EXERCISE PROMPT. Exactly the lines from the top of the records below through the one containing "Модные носки 10" must be set down, with no line added or dropped.

EXCERPTED DATA.
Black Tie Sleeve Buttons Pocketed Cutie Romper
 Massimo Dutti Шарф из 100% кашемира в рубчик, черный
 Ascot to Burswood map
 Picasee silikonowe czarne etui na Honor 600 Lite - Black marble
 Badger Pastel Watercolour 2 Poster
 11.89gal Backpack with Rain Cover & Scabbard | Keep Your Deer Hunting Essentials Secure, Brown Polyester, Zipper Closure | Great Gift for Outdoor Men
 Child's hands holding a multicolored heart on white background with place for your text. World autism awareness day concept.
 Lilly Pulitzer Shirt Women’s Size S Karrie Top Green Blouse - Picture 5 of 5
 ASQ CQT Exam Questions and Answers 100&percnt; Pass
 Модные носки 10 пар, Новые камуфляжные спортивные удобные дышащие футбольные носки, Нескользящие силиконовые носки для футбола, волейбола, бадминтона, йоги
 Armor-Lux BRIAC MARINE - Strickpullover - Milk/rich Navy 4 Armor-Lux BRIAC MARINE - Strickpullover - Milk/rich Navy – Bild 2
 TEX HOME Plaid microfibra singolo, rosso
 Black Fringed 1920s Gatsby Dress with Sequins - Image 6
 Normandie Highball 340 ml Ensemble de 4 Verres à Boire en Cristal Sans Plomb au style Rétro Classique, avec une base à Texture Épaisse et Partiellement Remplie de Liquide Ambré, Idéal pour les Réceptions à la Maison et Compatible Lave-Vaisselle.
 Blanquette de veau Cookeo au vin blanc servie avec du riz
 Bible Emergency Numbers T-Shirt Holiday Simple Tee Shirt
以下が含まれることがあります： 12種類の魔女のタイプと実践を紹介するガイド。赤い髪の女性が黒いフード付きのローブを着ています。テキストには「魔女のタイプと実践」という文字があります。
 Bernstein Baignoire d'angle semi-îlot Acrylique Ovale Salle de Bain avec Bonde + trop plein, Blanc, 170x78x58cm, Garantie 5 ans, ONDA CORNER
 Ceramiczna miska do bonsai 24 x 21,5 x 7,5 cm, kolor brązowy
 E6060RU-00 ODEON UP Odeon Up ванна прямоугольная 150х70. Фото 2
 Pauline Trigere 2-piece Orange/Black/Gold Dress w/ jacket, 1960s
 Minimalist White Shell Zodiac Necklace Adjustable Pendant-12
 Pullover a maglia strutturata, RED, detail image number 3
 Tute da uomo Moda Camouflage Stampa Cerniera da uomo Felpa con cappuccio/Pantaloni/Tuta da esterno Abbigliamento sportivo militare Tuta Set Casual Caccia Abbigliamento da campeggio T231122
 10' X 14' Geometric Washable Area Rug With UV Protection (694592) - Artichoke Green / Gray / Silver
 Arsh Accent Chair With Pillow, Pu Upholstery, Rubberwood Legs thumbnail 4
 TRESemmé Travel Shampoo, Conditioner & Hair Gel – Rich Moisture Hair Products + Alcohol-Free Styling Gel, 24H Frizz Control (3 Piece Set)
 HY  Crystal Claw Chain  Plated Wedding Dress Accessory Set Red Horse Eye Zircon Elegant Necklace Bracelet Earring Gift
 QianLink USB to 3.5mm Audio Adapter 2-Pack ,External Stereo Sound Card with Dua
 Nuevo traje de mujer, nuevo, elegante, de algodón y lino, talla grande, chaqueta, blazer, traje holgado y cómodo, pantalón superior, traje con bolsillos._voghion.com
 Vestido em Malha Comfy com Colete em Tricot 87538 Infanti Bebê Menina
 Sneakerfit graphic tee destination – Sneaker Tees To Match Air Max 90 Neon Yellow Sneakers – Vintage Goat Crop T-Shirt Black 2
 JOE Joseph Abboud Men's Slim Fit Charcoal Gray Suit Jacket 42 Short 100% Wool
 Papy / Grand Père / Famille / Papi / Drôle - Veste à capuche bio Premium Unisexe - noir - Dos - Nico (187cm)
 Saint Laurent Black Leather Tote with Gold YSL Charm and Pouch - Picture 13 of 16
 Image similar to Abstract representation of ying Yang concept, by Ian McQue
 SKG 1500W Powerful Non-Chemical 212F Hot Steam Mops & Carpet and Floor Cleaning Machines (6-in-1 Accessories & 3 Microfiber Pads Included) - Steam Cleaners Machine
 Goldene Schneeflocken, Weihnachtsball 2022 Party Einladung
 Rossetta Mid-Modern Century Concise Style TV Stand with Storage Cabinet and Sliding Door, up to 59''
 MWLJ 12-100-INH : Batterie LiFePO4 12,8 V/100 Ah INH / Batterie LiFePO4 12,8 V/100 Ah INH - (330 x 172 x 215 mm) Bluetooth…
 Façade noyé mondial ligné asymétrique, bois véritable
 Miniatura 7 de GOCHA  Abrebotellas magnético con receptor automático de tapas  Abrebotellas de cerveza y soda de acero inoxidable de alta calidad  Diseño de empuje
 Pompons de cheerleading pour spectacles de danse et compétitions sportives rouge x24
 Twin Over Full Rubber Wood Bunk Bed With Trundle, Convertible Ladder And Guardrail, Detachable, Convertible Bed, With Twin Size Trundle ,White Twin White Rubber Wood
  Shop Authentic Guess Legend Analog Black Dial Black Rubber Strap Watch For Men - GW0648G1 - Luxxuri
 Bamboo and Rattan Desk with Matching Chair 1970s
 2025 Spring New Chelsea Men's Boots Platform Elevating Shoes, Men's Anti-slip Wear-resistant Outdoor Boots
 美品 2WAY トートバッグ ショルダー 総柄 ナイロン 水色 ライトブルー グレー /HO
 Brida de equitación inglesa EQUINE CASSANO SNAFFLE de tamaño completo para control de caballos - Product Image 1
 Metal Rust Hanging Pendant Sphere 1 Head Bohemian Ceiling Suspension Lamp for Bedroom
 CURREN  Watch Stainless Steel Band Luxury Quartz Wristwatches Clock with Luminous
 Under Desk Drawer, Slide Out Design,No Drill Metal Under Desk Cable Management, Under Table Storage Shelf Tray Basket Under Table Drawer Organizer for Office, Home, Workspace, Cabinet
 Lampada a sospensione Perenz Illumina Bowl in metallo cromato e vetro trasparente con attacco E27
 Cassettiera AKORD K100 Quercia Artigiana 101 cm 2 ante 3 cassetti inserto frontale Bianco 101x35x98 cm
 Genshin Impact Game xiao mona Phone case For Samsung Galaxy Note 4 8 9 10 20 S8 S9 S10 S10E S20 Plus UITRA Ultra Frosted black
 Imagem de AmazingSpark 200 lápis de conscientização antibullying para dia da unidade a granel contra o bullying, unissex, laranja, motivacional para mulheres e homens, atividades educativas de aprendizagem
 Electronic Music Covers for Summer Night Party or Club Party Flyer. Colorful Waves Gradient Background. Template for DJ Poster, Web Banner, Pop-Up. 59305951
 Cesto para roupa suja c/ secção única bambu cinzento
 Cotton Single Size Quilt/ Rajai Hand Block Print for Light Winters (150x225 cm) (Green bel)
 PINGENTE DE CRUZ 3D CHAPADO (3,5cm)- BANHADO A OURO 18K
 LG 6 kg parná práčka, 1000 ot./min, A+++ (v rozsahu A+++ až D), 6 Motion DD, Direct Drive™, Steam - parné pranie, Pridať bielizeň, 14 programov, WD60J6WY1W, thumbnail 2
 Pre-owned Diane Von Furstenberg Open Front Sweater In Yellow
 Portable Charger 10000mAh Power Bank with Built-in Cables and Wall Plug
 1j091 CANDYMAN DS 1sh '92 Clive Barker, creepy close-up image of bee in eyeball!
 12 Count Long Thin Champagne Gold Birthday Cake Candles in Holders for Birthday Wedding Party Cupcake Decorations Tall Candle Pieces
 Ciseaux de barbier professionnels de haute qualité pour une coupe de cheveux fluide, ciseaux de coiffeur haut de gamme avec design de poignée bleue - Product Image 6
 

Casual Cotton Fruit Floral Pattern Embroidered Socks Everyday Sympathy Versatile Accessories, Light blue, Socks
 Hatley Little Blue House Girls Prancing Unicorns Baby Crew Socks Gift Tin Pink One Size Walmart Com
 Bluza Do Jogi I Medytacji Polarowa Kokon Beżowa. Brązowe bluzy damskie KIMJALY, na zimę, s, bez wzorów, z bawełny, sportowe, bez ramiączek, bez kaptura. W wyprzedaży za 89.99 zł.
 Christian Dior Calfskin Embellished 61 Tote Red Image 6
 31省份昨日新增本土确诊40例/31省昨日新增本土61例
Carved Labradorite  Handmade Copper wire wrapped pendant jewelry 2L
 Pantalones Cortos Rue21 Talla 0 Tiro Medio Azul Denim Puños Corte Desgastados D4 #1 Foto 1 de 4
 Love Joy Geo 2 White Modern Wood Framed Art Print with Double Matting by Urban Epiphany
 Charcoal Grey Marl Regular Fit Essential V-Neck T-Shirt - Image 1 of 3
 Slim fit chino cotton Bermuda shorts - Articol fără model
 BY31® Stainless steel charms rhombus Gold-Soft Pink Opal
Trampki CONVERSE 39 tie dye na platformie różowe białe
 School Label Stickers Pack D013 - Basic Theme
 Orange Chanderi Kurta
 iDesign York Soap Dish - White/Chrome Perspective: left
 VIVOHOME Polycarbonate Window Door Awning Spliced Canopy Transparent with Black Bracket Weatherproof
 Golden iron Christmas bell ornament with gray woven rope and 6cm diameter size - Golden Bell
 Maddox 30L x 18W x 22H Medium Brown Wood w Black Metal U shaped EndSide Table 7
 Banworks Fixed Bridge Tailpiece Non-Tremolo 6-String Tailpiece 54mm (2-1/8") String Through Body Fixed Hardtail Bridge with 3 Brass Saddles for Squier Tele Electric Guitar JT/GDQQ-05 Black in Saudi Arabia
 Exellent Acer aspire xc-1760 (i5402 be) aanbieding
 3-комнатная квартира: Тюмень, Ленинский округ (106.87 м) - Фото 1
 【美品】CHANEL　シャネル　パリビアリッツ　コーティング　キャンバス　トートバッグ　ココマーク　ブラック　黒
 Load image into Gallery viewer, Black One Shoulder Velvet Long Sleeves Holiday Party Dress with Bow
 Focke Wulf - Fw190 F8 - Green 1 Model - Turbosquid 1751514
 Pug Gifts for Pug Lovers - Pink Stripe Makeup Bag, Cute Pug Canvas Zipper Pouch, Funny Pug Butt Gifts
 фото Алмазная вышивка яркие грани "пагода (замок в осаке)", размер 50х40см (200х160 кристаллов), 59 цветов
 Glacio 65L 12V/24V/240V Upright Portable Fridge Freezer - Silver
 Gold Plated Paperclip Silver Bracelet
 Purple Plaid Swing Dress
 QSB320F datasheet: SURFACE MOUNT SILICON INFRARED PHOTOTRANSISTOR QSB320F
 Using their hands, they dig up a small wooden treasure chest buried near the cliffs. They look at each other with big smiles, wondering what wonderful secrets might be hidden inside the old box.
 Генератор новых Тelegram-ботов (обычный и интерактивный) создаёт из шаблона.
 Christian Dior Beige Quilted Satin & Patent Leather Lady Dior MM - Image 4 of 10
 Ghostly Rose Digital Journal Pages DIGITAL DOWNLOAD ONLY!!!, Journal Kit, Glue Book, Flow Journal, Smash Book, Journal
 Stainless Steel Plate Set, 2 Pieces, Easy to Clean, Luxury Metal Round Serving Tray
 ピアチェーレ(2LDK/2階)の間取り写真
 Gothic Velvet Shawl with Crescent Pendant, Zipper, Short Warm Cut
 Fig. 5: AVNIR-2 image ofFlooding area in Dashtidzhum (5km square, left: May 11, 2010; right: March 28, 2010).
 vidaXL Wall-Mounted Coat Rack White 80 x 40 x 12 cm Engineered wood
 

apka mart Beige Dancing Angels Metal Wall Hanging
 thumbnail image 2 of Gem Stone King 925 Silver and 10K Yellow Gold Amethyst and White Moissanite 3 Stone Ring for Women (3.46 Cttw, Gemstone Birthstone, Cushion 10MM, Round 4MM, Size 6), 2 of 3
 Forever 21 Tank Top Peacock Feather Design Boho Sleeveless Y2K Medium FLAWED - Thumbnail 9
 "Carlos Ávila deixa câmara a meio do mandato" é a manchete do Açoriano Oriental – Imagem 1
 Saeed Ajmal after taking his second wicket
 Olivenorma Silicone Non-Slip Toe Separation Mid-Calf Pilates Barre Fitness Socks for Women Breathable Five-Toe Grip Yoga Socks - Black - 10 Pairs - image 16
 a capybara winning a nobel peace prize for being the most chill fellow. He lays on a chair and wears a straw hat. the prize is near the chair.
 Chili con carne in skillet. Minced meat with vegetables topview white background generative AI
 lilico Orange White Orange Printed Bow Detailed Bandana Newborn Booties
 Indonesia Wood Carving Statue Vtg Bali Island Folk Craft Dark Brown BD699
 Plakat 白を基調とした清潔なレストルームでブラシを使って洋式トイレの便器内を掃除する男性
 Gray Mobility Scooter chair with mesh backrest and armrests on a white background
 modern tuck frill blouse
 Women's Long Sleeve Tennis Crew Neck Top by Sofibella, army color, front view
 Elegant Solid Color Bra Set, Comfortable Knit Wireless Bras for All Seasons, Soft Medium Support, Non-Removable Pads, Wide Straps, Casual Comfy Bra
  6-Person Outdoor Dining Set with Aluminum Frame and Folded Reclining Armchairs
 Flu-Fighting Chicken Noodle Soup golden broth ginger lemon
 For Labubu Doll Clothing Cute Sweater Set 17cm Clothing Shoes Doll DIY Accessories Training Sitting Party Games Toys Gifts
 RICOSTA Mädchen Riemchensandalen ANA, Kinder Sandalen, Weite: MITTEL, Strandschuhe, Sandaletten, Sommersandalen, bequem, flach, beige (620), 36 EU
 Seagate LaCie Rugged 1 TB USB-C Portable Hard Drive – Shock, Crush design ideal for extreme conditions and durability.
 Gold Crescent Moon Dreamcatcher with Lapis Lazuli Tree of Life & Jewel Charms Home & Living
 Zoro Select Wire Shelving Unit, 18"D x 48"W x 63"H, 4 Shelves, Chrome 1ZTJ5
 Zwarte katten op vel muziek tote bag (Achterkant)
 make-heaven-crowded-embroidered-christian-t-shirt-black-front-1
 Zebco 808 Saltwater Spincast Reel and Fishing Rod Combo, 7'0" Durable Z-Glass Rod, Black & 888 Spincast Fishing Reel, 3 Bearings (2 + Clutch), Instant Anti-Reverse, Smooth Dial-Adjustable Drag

RESPONSE TO THIS EXERCISE.
Black Tie Sleeve Buttons Pocketed Cutie Romper
 Massimo Dutti Шарф из 100% кашемира в рубчик, черный
 Ascot to Burswood map
 Picasee silikonowe czarne etui na Honor 600 Lite - Black marble
 Badger Pastel Watercolour 2 Poster
 11.89gal Backpack with Rain Cover & Scabbard | Keep Your Deer Hunting Essentials Secure, Brown Polyester, Zipper Closure | Great Gift for Outdoor Men
 Child's hands holding a multicolored heart on white background with place for your text. World autism awareness day concept.
 Lilly Pulitzer Shirt Women’s Size S Karrie Top Green Blouse - Picture 5 of 5
 ASQ CQT Exam Questions and Answers 100&percnt; Pass
 Модные носки 10 пар, Новые камуфляжные спортивные удобные дышащие футбольные носки, Нескользящие силиконовые носки для футбола, волейбола, бадминтона, йоги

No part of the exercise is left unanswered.